Could you output the whole listing exactly as it stands, minus any images?

#### Supplied information

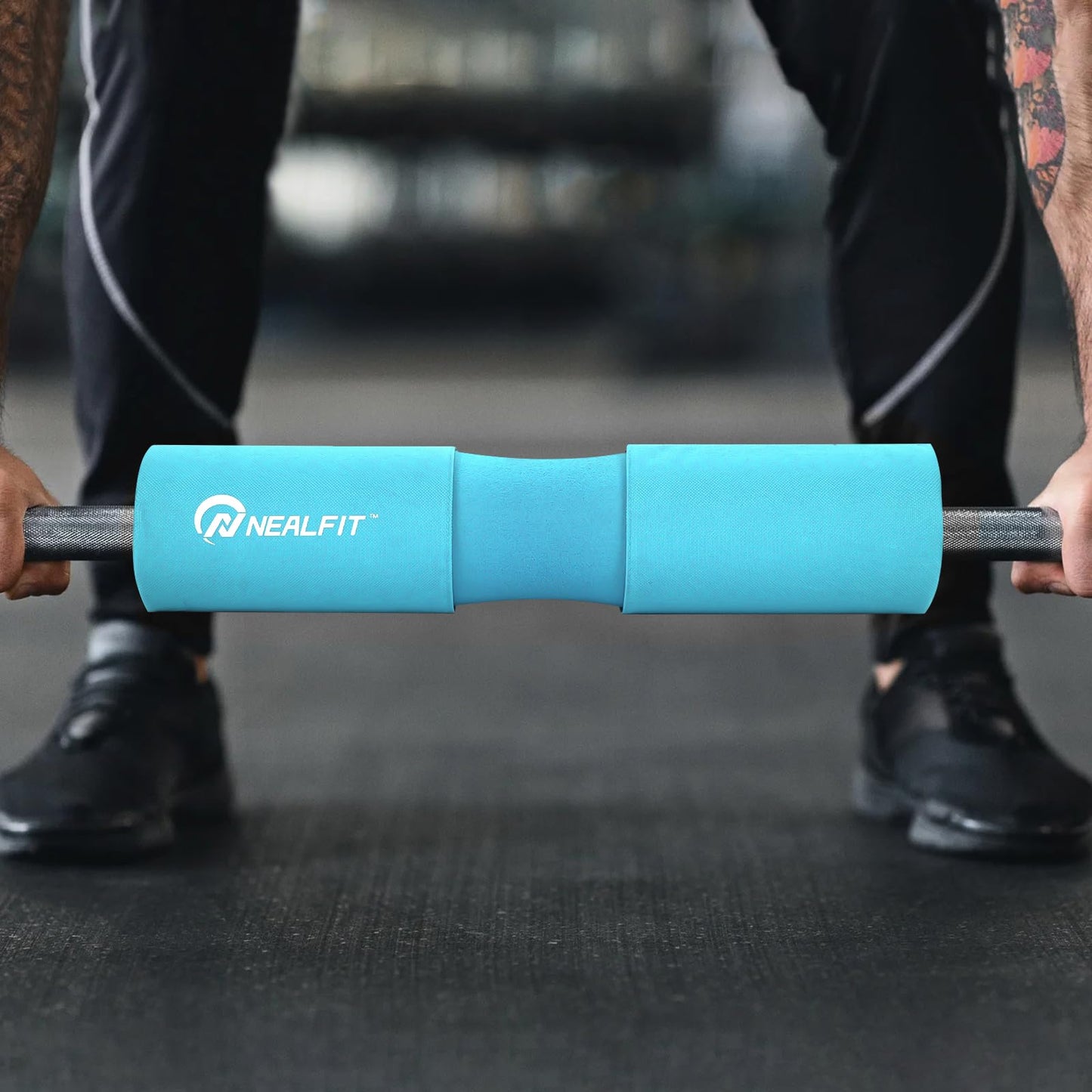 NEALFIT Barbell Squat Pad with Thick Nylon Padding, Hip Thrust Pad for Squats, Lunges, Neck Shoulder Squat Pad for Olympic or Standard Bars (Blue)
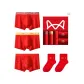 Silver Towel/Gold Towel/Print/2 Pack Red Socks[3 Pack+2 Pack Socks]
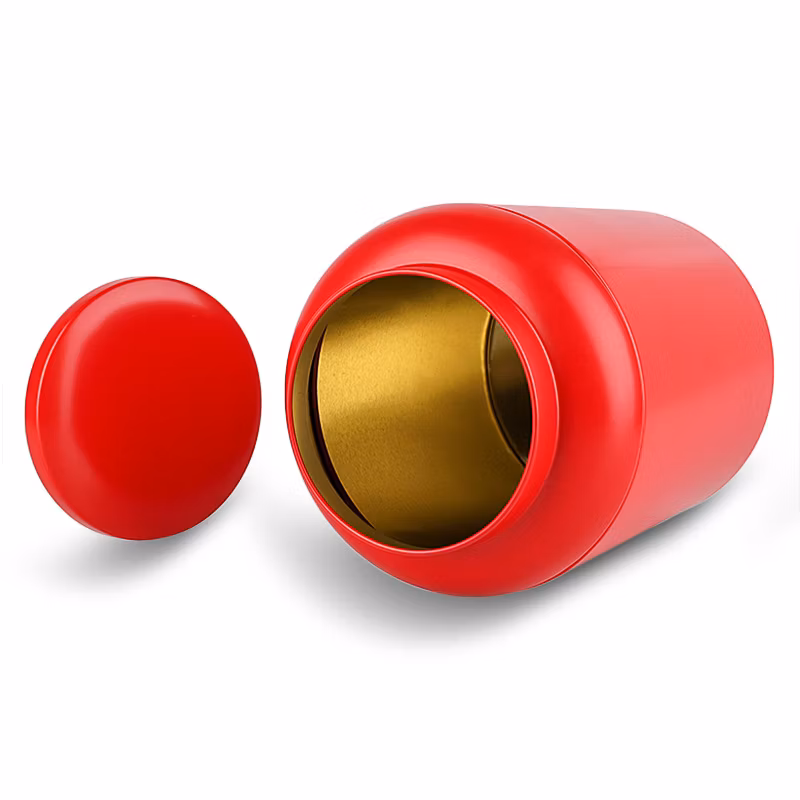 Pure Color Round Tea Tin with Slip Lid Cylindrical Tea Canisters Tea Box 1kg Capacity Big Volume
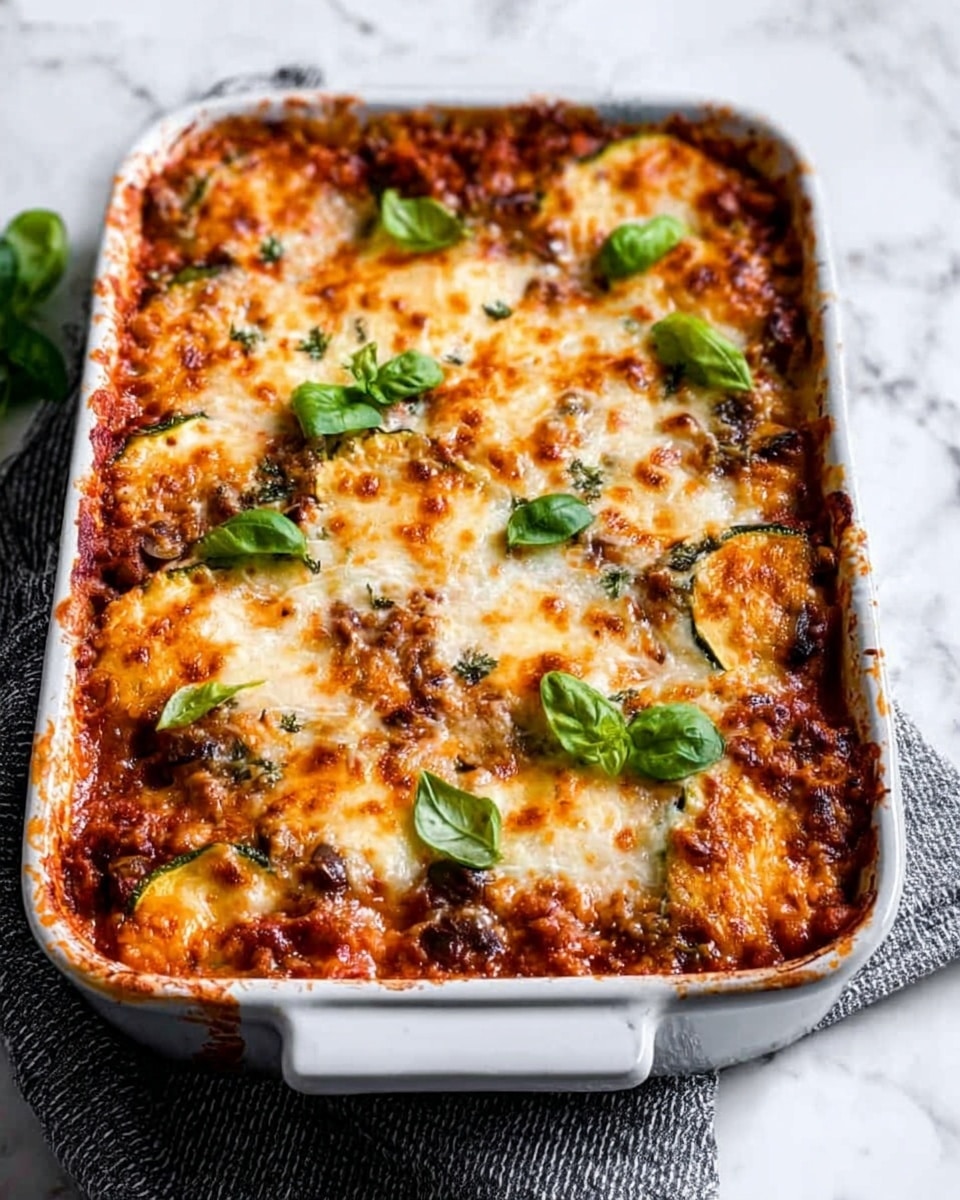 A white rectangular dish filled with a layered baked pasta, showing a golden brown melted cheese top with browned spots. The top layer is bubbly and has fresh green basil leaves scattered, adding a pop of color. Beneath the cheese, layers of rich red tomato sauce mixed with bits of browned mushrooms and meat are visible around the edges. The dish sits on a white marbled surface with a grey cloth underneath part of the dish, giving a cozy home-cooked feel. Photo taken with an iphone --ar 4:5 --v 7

########

**Final answer**
 NEALFIT Barbell Squat Pad with Thick Nylon Padding, Hip Thrust Pad for Squats, Lunges, Neck Shoulder Squat Pad for Olympic or Standard Bars (Blue)
 Silver Towel/Gold Towel/Print/2 Pack Red Socks[3 Pack+2 Pack Socks]
 Pure Color Round Tea Tin with Slip Lid Cylindrical Tea Canisters Tea Box 1kg Capacity Big Volume
 A white rectangular dish filled with a layered baked pasta, showing a golden brown melted cheese top with browned spots. The top layer is bubbly and has fresh green basil leaves scattered, adding a pop of color. Beneath the cheese, layers of rich red tomato sauce mixed with bits of browned mushrooms and meat are visible around the edges. The dish sits on a white marbled surface with a grey cloth underneath part of the dish, giving a cozy home-cooked feel. Photo taken with an iphone --ar 4:5 --v 7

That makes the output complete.